Uma sondagem da Sienna College para o jornal mostra que cerca de 12% dos eleitores do Arizona, por exemplo, dizem que vão votar a favor do aborto no referendo e em Donald Trump para a presidência. O resultado poderá ser um “estranho ecrã dividido”, em que os eleitores optam por proteger o direito ao aborto nos seus estados, mas também elegem senadores que têm apoiado as restrições, bem como o antigo Presidente Donald J. Trump, que assume o crédito pela anulação da Roe v. Wade.
Para além disso, é preciso não esquecer o peso que o aborto não vai ter noutros estados decisivos, como o Michigan, onde não haverá nenhuma proposta de lei relacionada com IVG a votos nestas eleições. Apesar de todas as propostas de lei estatais para proteger o direito ao aborto que já foram a votos desde a reversão de Roe v. Wade terem saído vencedoras, esses referendos coincidiram com intercalares ou tiveram lugar fora de anos eleitorais.

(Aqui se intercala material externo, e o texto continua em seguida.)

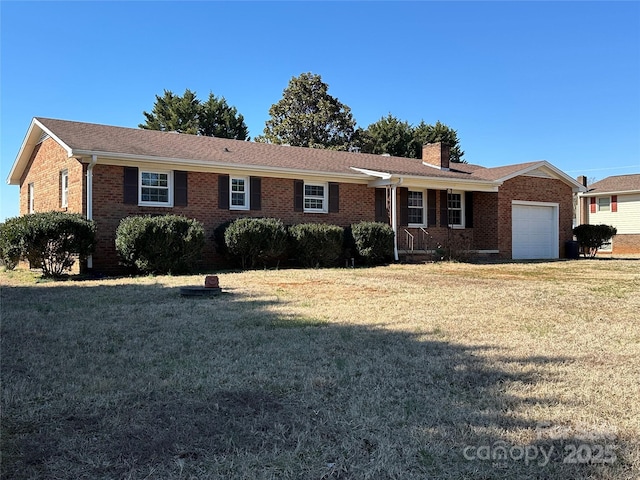 single story home with brick siding, a chimney, an attached garage, and a front yard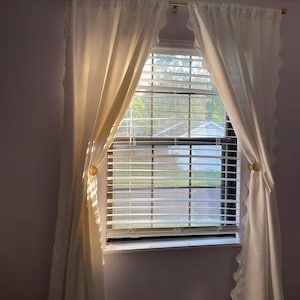 Scalloped Embroidery border Polyester Curtain (1 Panel)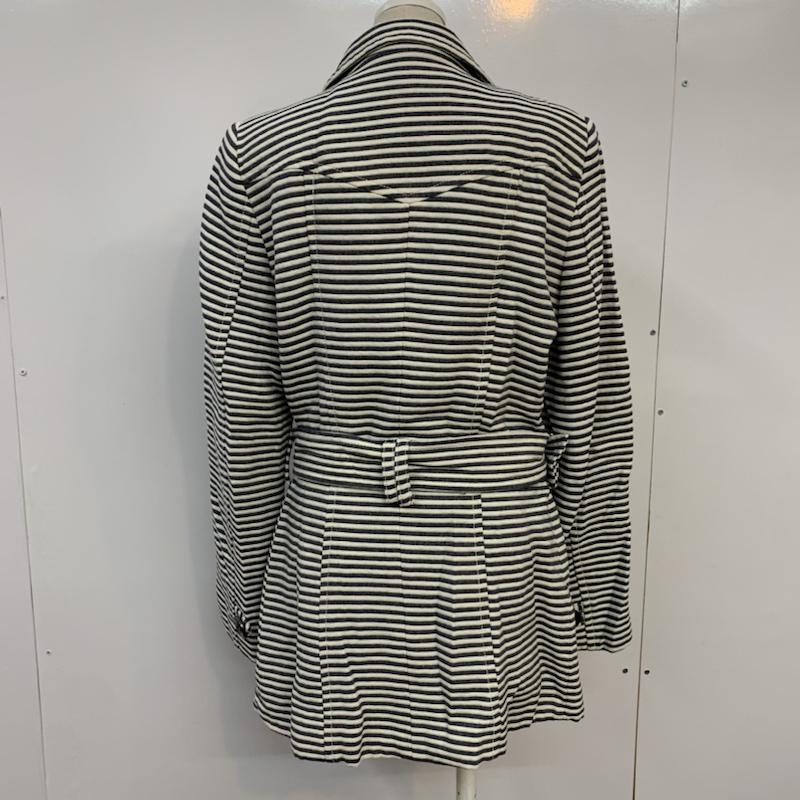 ザラベーシック ZARA BASIC ジャケット、上着 ジャケット、ブレザー ボーダー M ボーダー柄 白 / ホワイト / X 紺 / ネイビー / レディース USED 古着 中古 10042870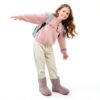 Bottes de Neige DREAM PAIRS Enfants Fausse Fourrure – Marron & Rose-4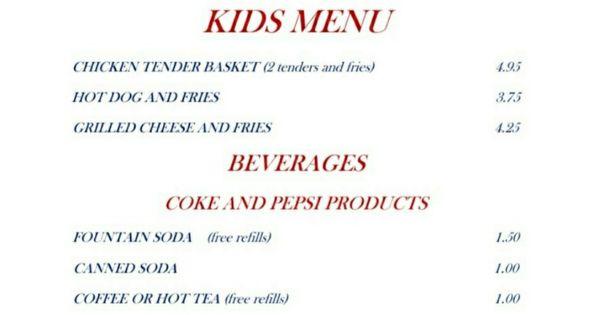 Kids menu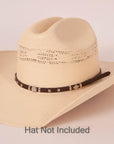 Rawlins Brown Hat Band on a cream hat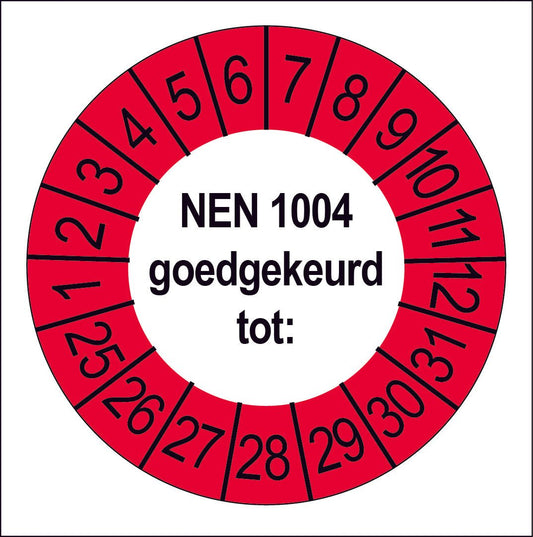 50 Keuringsstickers NEN 1004 Goedgekeurd tot: Rond 35 mm strips van 5 stuks - Ricard Pictogram stickers - 8718133049767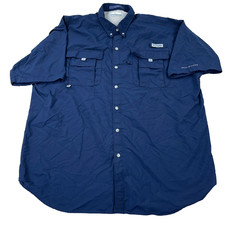 Camisa masculina Columbia PFG 2XT azul marinho botão para cima desempenho tactel náilon Bahama comprar usado  Enviando para Brazil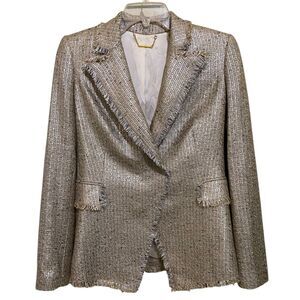 ELIE TAHARI Jezebel SZ 4 Tweed Jacket Beige Champagne Edge English Countryside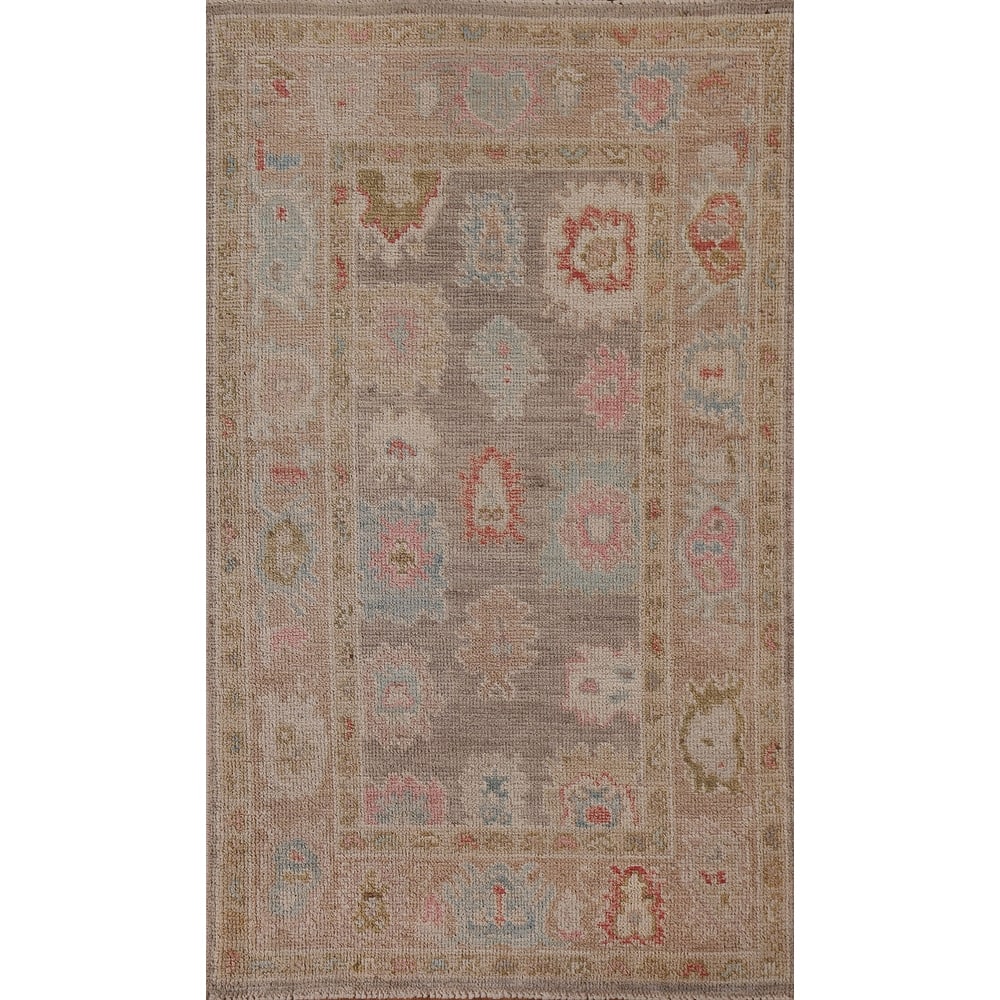 Brown Oushak Oriental Area Rug Handmade Wool Carpet - 2'10"x 4'11"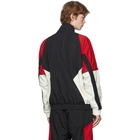 Moschino Black and Red Broken Logo Track Jacket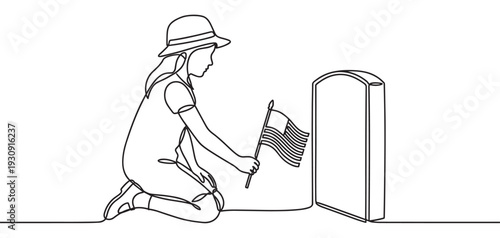 Young girl places American flag at a grave marker, honoring fallen heroes with a patriotic gesture, drawn in a continuous line art style.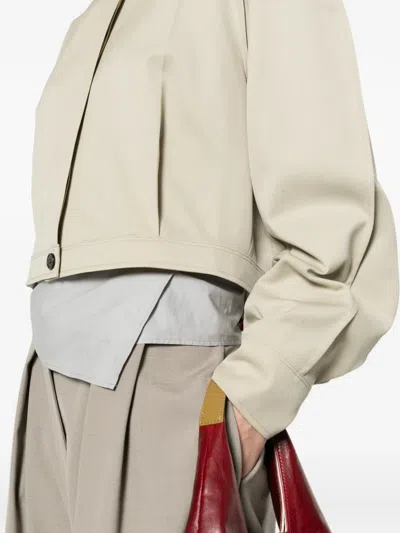 Low Classic Buttoned Jacket In Neutral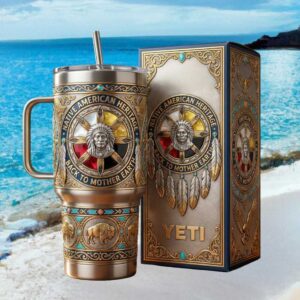 Native American Heritage “Back to Mother Earth” 40oz Yeti Style Tumbler Buffalo & Eagle Design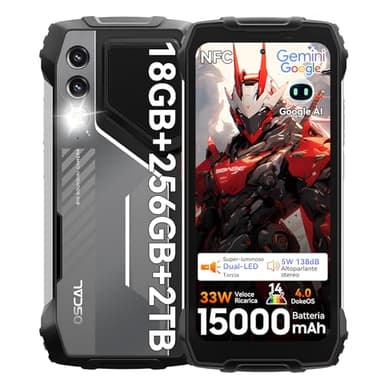 OSCAL PILOT 1 Rugged Smartphone Gemini AI Android 14, 15000mAh/33W, Helio G81 18GB+256GB/2TB Telefono Indistruttibile, 6.67" HD+/90Hz, AI 50MP+32MP, 5W 138dB Stereo Speakers, 170LM LED, NFC/OTG/GPS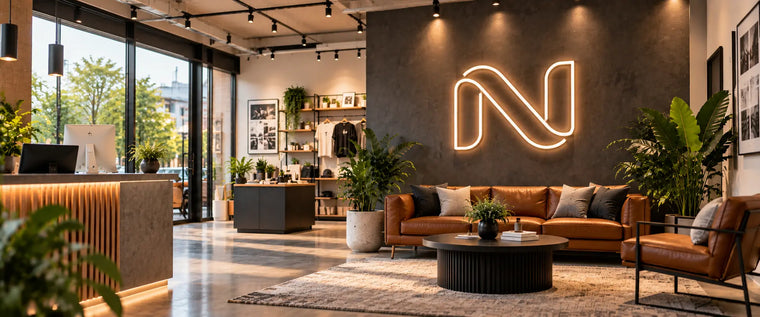 Leuchtendes Neon-Logo einer Marke als sofortiger Blickfang an einer Wand.
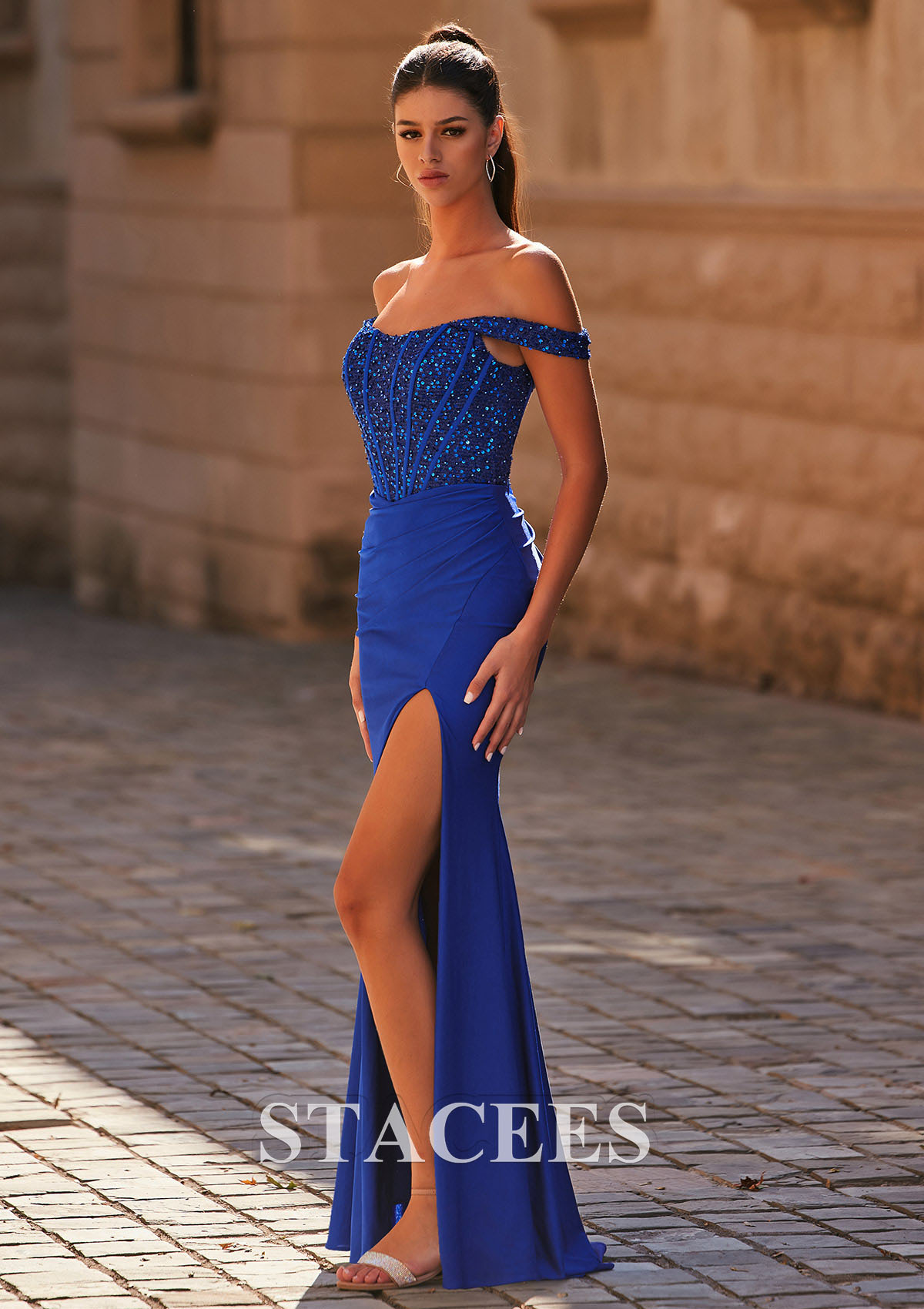 Bleu Royal Fourreau épaule dénudée jersey traîne balayage robe de bal avec fendue  - STACEES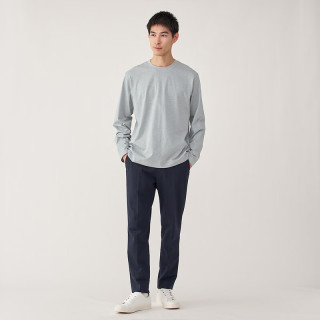 無印良品 MUJI 男式 天竺织 圆领长袖T恤男士打底衫男款25年春季 
AB1L3A5S 灰色 L
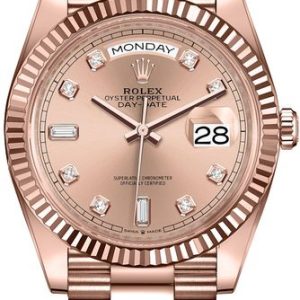 Rolex Day-Date 36 18k Everose Gold Women-s Watch 128235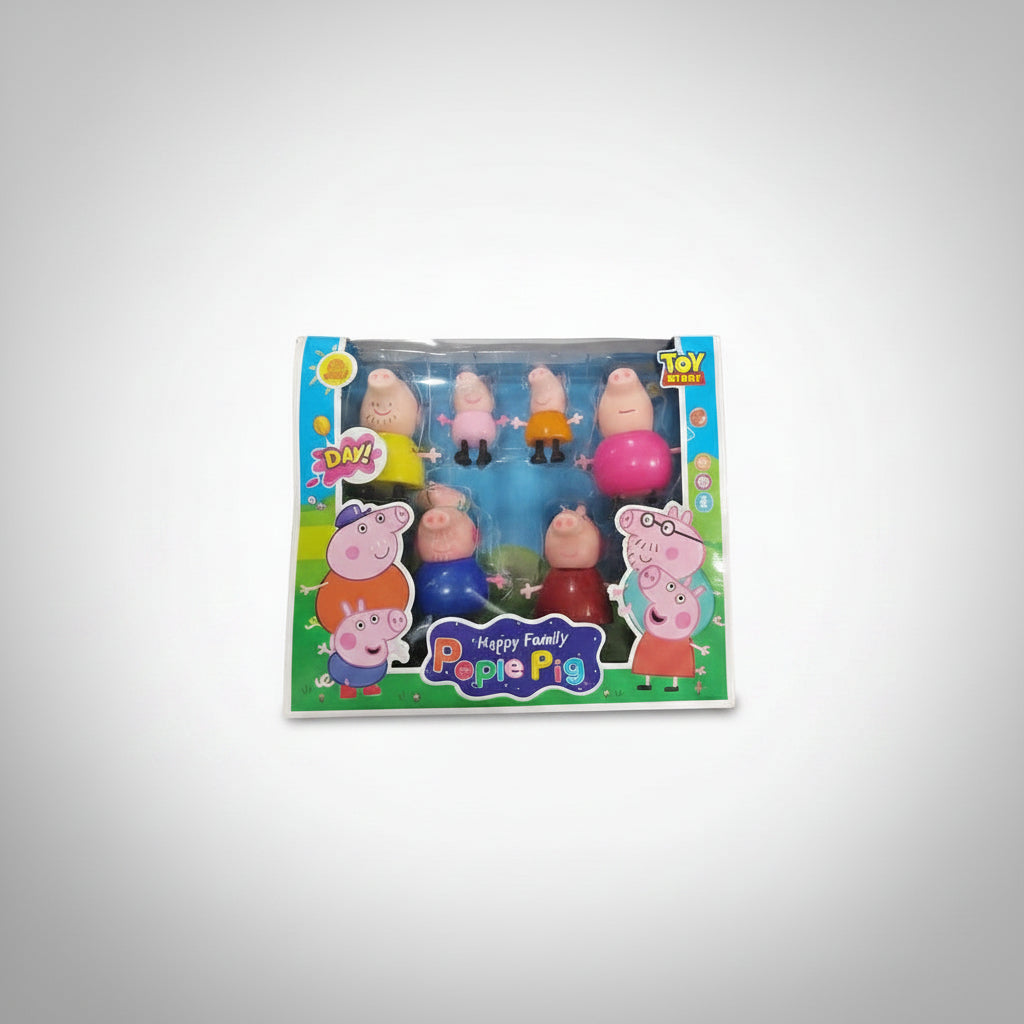 Packaged set of Peppa Pig toy figures featuring the character Peppa Pig and her family members. The toys are in plastic packaging with a 'Happy Family' theme.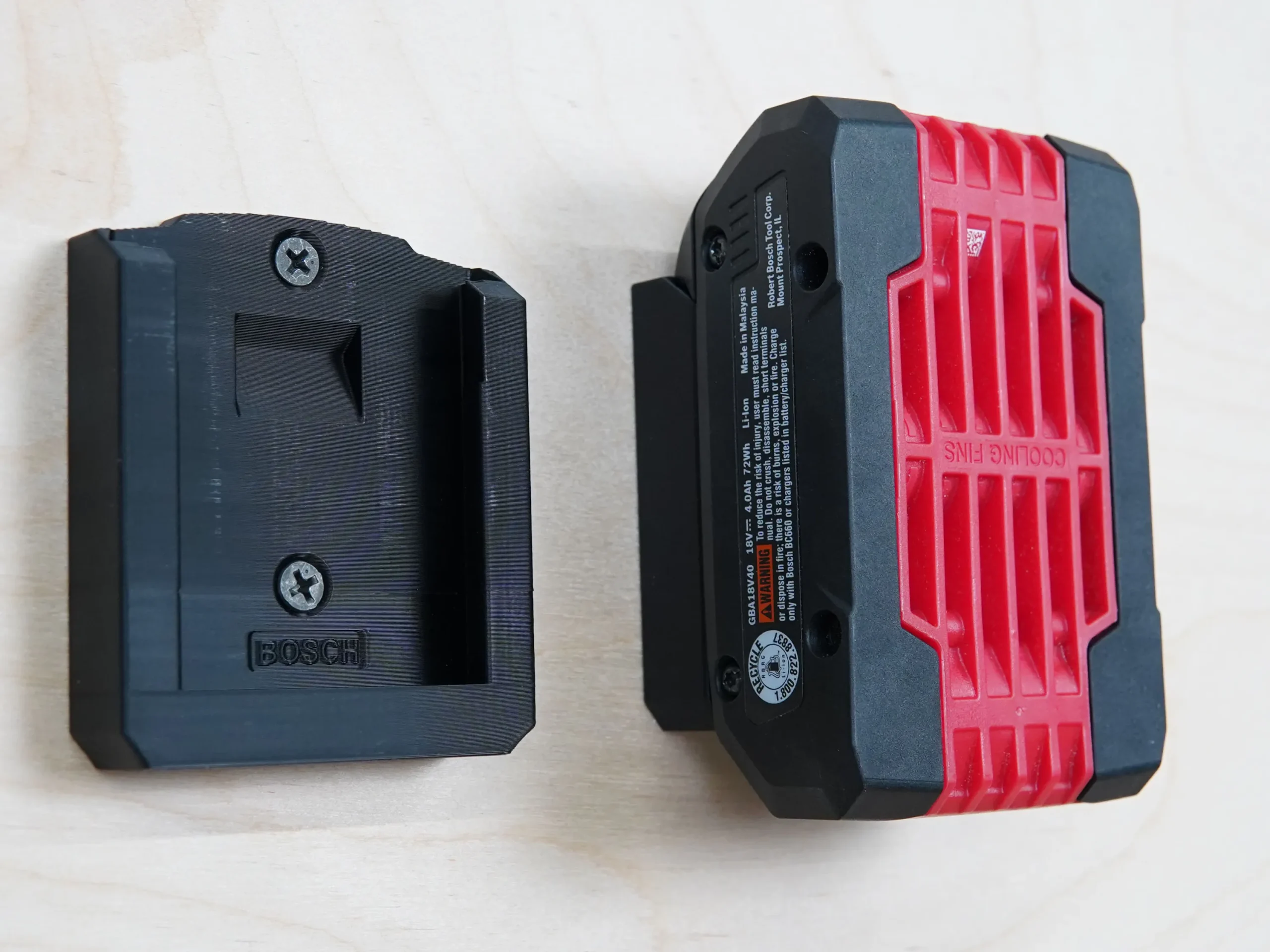 Battery Holder Mount for Bosch 18v Battery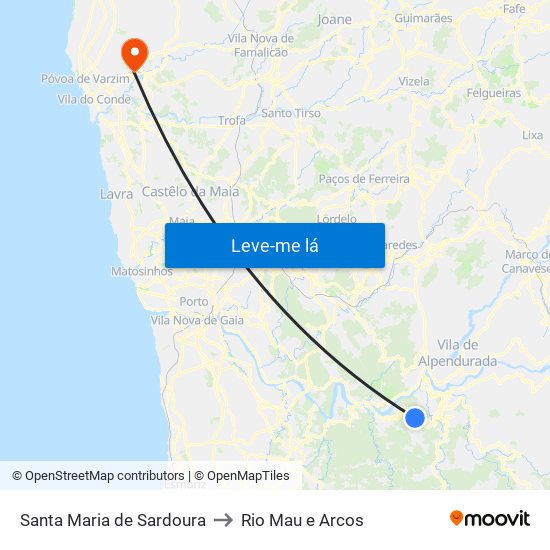 Santa Maria de Sardoura to Rio Mau e Arcos map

Em ano de presidenciais, contudo, todos são chamados a votar e isso torna o ambiente político menos previsível em todo o espectro, incluindo na disputa pela Casa Branca. “É difícil prever o que as pessoas vão fazer nas urnas”, diz Aziza Ahmed. “A questão do aborto é importante para Kamala Harris e é provável que atraia as mulheres para o seu campo, é possível que haja famílias divididas em que a mulher apoie Kamala Harris e o homem apoie Trump. [Mas] penso que as pessoas que dividem o seu voto desta forma, pró-escolha e republicano, estão a subestimar seriamente o que o governo federal tentará fazer sob Trump para impedir o acesso ao aborto. Isso terá certamente impacto nas mulheres, independentemente do estado onde vivem.”